Lola López Mondéjar, escritora y psicoanalista

«Creo en lo traumático como origen de la creación»

Esther Peñas / Madrid

Después de El factor Munchausen (Cendeac) y Una espina clavada en la carne (Psimática), Psicoanálisis y literatura. Si digo agua, ¿beberé?  (Enclave de libros) cierra la trilogía que la escritora y psicoanalista Lola López Mondéjar (Molina de Segura, 1958) ha dedicado al análisis y exploración del misterio de la creatividad y su maridaje con el trauma. Cuestiones tan estimulantes como el vínculo entre locura y creatividad, la búsqueda del místico para cerrar su herida, la posible presencia de marcas de género en los textos o la posibilidad del lenguaje de reparar a quien escribe son algunos de los contenidos que hacen de este ensayo hambre de pensamiento.

Entre otros asuntos, el libro aborda cómo dar sentido al sufrimiento a través del proceso creativo, aunque ejemplos como Pizarnik, Anne Sexton o Silvia Plath, que terminaron suicidándose, nos recuerdan que no siempre es posible. ¿Cuándo repara el trauma la creación? 

Por lo que he visto, para salir de lo traumático a través del proceso creativo, tiene que haber una primera narcisización, esto es, que el futuro creador haya sido muy amado en un primer momento, en su primera infancia, que haya tenido una investidura del adulto cuidador. Así, su espacio de imaginación y fantasía prosperarán y le servirán en el momento en el que se produzca el trauma o el dolor, otorgándole el recurso de poder recurrir a ese lugar donde fue muy amado. Se necesita ese capital emocional para poder crear. Todos sufrimos, pero quienes no han tenido una crianza en la que se les haya mirado y reconocido (hablamos de un periodo pre-lingüístico y pre-simbólico) no podrán regresar allí. Si bien existe una capacidad de resiliencia que matizaría este proceso.  
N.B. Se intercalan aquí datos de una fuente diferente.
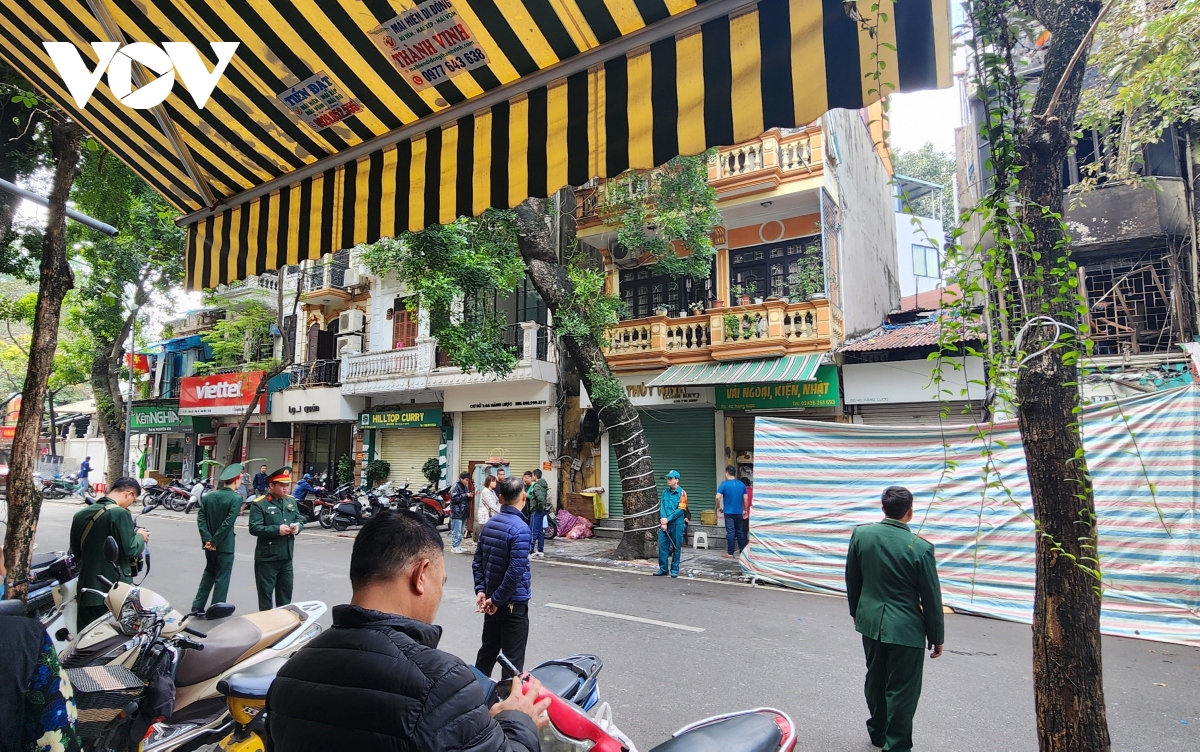 Hiện trường vụ cháy khiến 4 người tử vong tại phố Hàng Lược, Hà Nội - Ảnh 7.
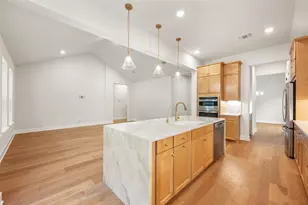 325 Knockout Rose Dr, San Marcos, TX 78666 - Photo 20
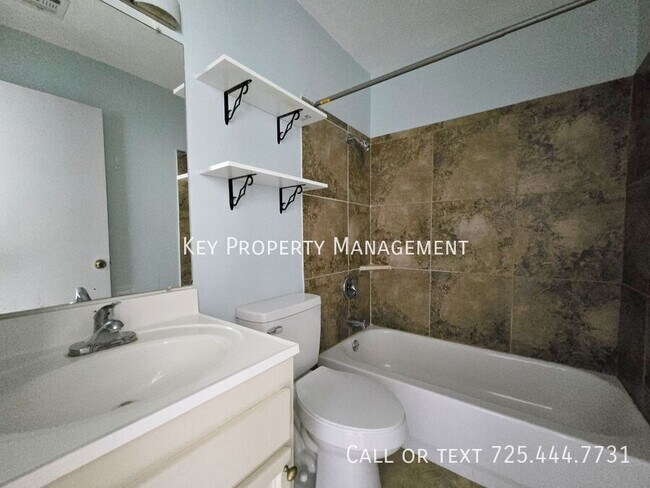 Building Photo - 3720 Snorkel Cir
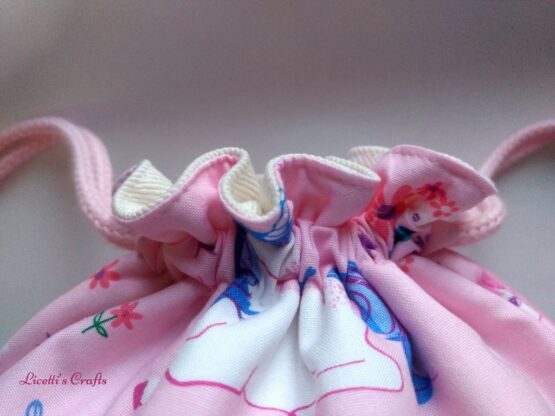 detalle cierre mochila hecha a mano unicornio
¿El escritor, pues, cuando escribe, queda del lado de Eros, más que del de Thánatos?

Sí, por supuesto, aunque esté hablando de Thanatos, aunque se sumerja en el infierno, como Orfeo, a coger una perlita de su trauma, aunque trabaje con ese material cuando escribe. Explorar el “infierno” de lo traumático es una regresión a los momentos de desamparo, pero con «fantasía de retorno»; los escritores bajamos y subimos, y algún rescate del material arcaico hacemos, solo que, como nunca se rescata del todo, necesitamos volver a bajar una y otra vez, relanzando el proceso creativo.

Para que el trauma se repare al escribir, ¿el autor ha de ser consciente de que está hablando de su trauma?

No, qué va… el inconsciente funciona por desplazamiento y condensación, por metáfora y metonimia, lo mismo que para el lector, escritura y lectura pueden ser catárticas. El escritor puede estar hablando de algo aparentemente muy lejano de su trauma y estar elaborando algunos aspectos de lo traumático. Aunque está demostrado que, en todas las disciplinas humanísticas y científicas, los investigadores o los autores eligen temas vinculados de algún modo a su biografía.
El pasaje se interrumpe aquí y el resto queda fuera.